Chapter 4, Connecting the Dots with Models – Regression Methods, examines the fitting of several regression models, including transforming input variables to the correct scale and accounting for categorical features correctly. We fit and evaluate a linear regression, as well as regularized regression models. We also examine the use of tree-based regression models, and how to optimize parameter choices in fitting them. Finally, we will look at a sample of random forest modeling using PySpark, which can be applied to larger datasets.
Chapter 5, Putting Data in its Place – Classification Methods and Analysis, explains how to use classification models and some of the strategies for improving model performance. In addition to transforming categorical features, we look at the interpretation of logistic regression accuracy using the ROC curve. In an attempt to improve model performance, we demonstrate the use of SVMs. Finally, we will achieve good performance on the test set through Gradient-Boosted Decision Trees.
Chapter 6, Words and Pixels – Working with Unstructured Data, examines complex, unstructured data.

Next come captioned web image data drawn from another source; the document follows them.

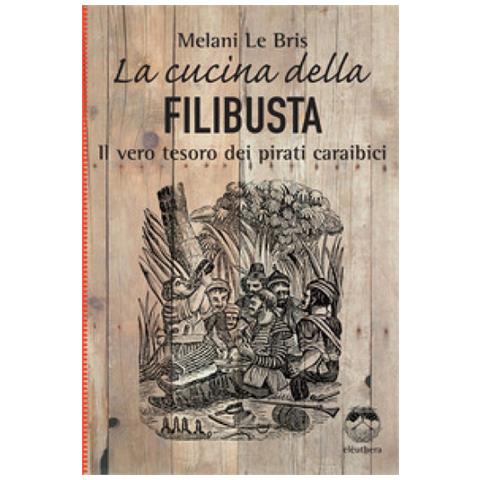 Melani Le Bris - La Cucina Della Filibusta - Foto 1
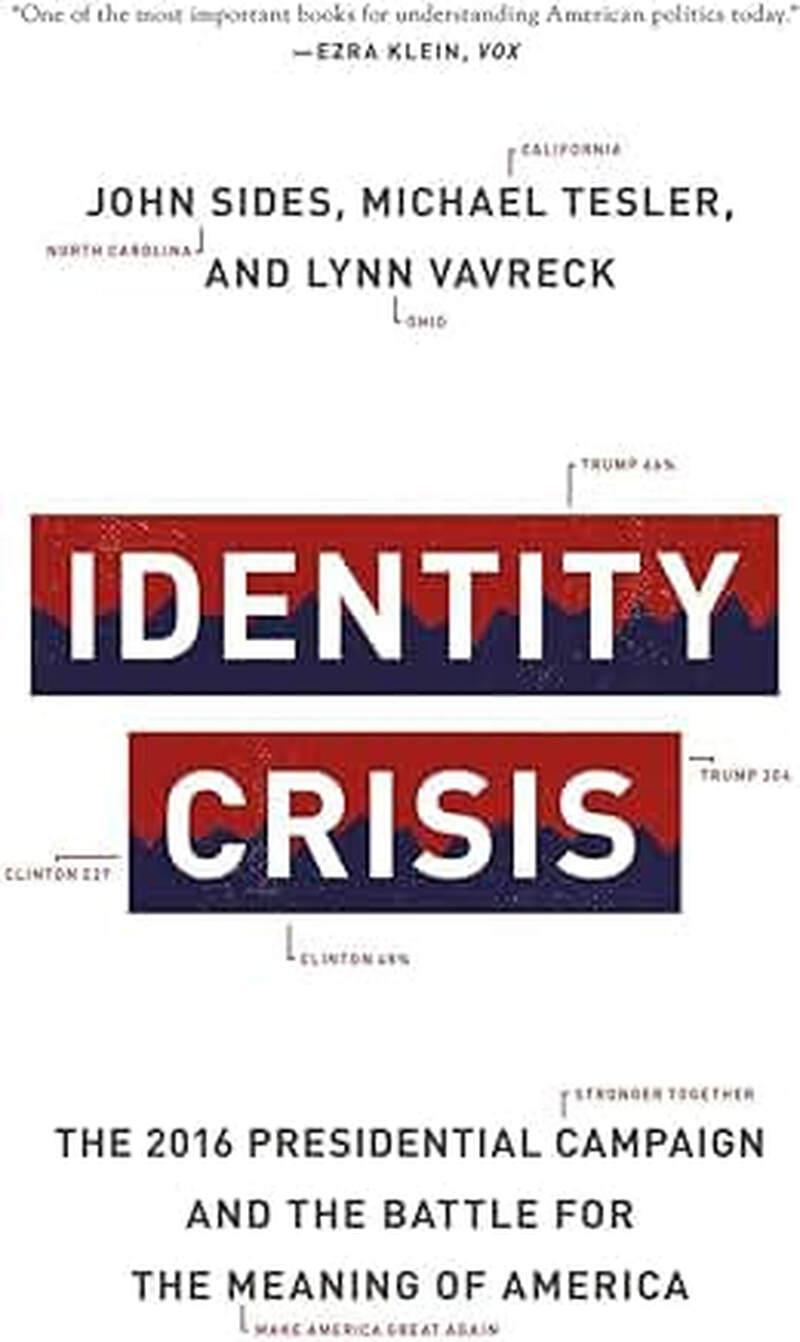 Identity Crisis:  The 2016 Presidential Campaign and the Battle for the Meaning of America 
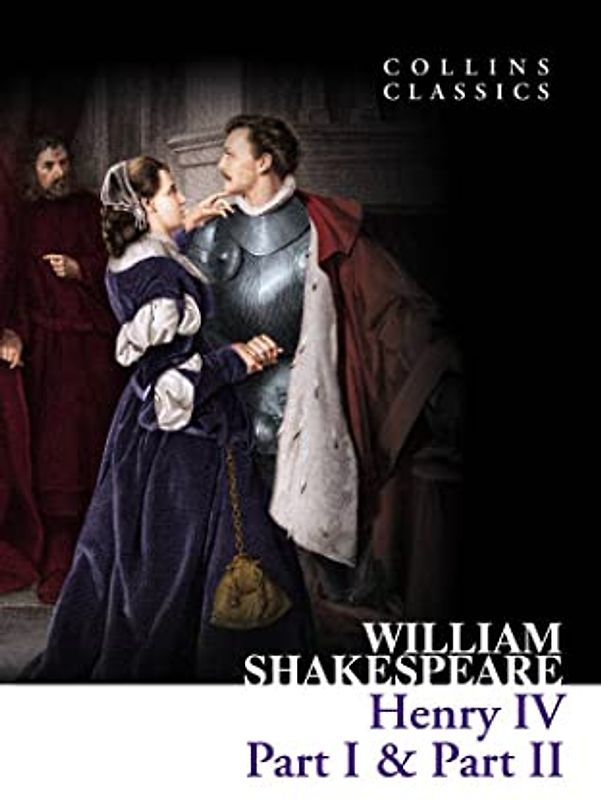 Henry IV, Part I & Part II (Collins Classics)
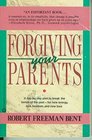 Forgiving Your Parents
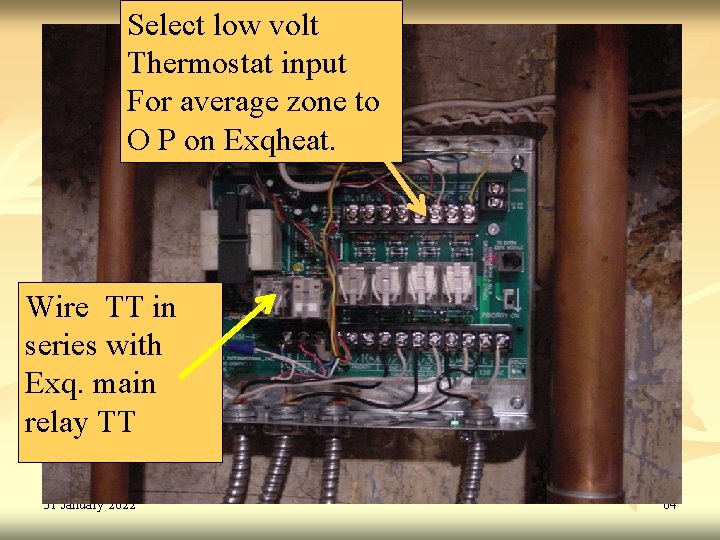 Select low volt Thermostat input For average zone to O P on Exqheat. Wire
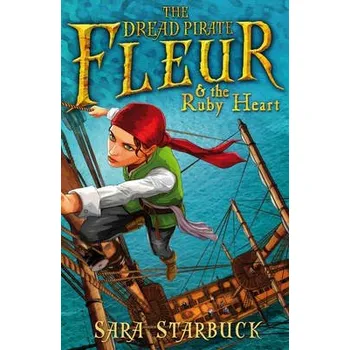Kniha Dread Pirate Fleur and the Ruby Heart - Starbuck, Sara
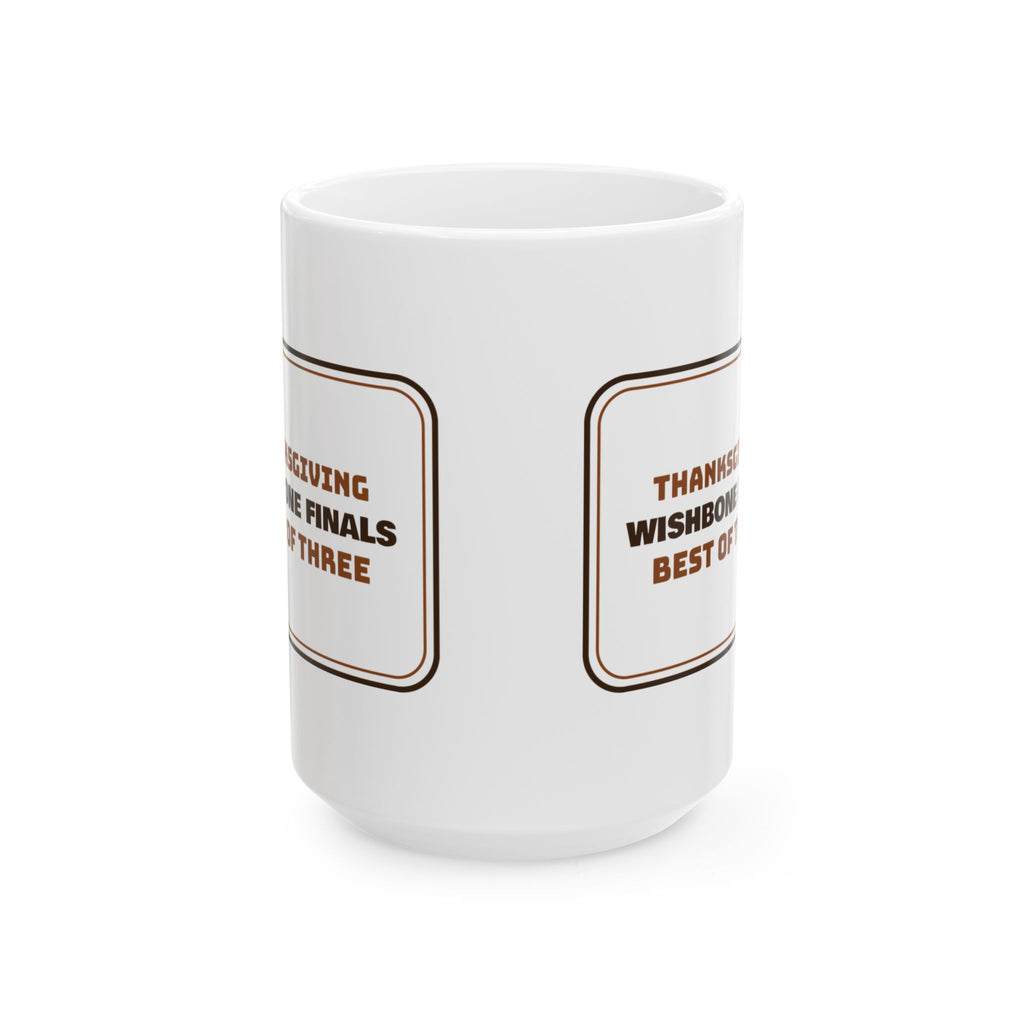 Funny Thanksgiving Coffee Mug Wishbone Finals Best Of Three For Siblings
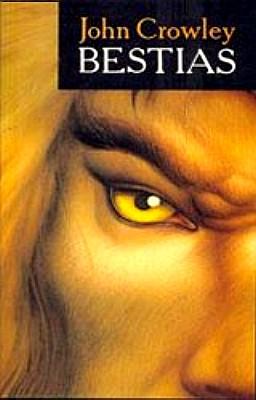 'Bestias', de John Crowley 'Bestias', de John Crowley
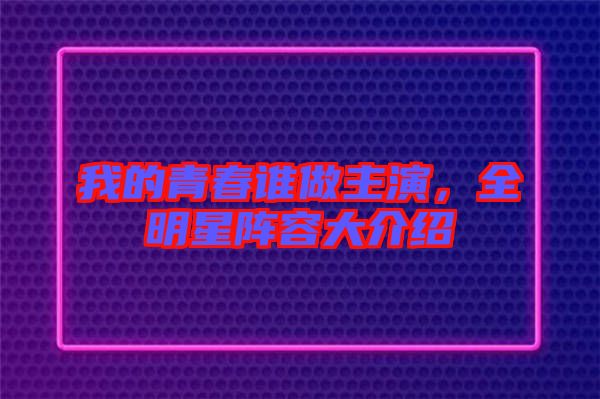 我的青春誰做主演，全明星陣容大介紹
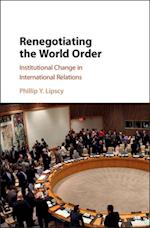 Renegotiating the World Order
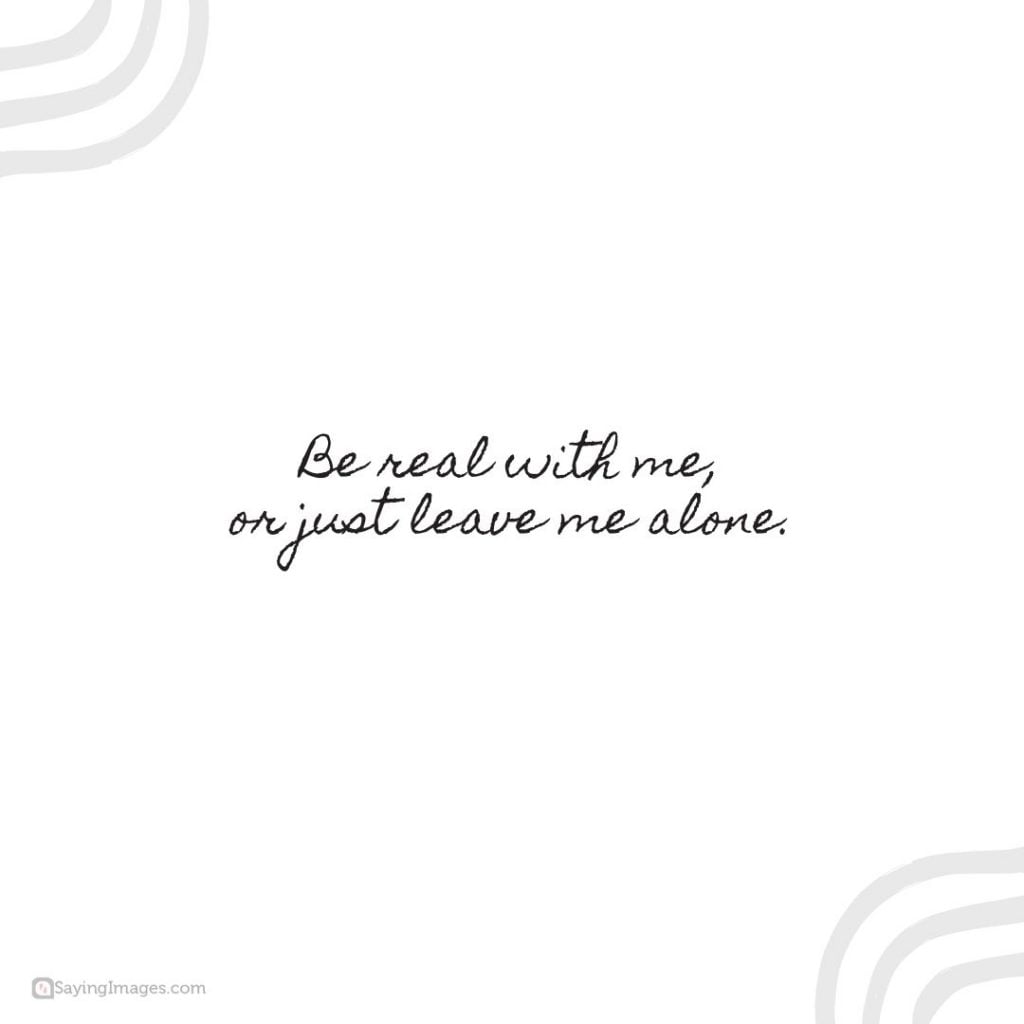 be real with me quotes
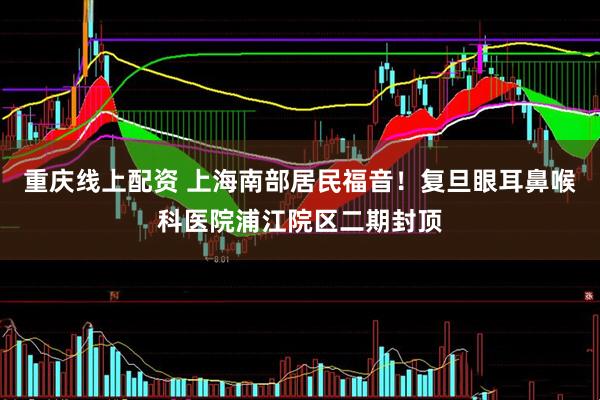 重庆线上配资 上海南部居民福音！复旦眼耳鼻喉科医院浦江院区二期封顶
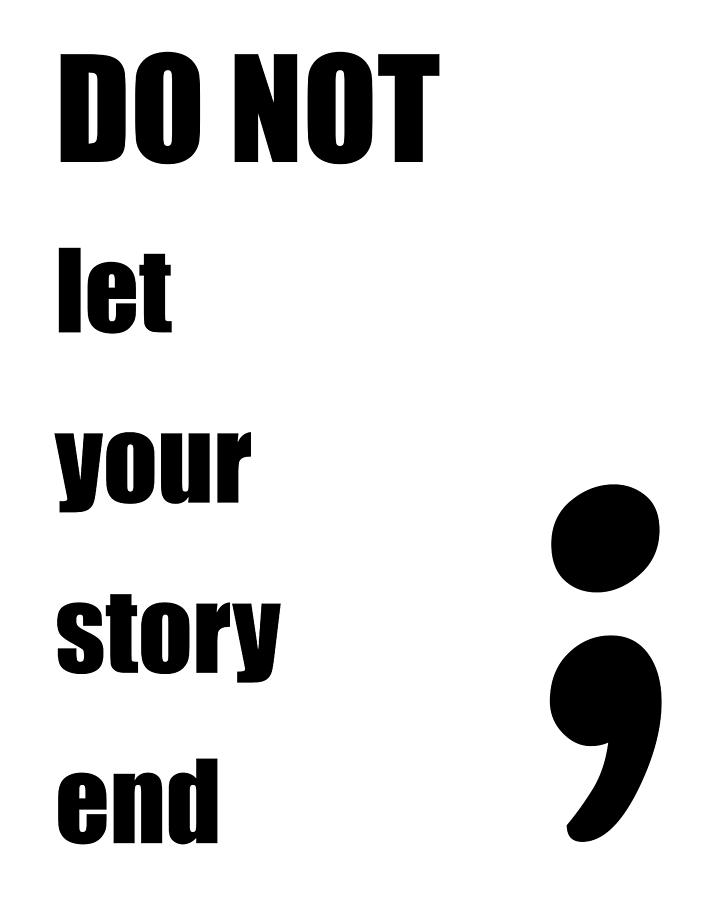720x900 Do Not Let Your Story End Drawing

Then we cover dimensionality reduction techniques such as the HashingVectorizer; matrix decompositions such as PCA, CUR, and NMR; and probabilistic models such as LDA. We also examine image data, including normalization and thresholding operations, and see how we can use dimensionality reduction techniques to find common patterns among images.
Chapter 7, Learning from the Bottom Up – Deep Networks and Unsupervised Features, introduces deep neural networks as a way to generate models for complex data types where features are difficult to engineer. We'll examine how neural networks are trained through back-propagation, and why additional layers make this optimization intractable.
Chapter 8, Sharing Models with Prediction Services, describes the three components of a basic prediction service, and discusses how this design will allow us to share the results of predictive modeling with other users or software systems.
Chapter 9, Reporting and Testing – Iterating on Analytic Systems, teaches several strategies for monitoring the performance of predictive models following initial design, and we look at a number of scenarios where the performance or components of the model change over time.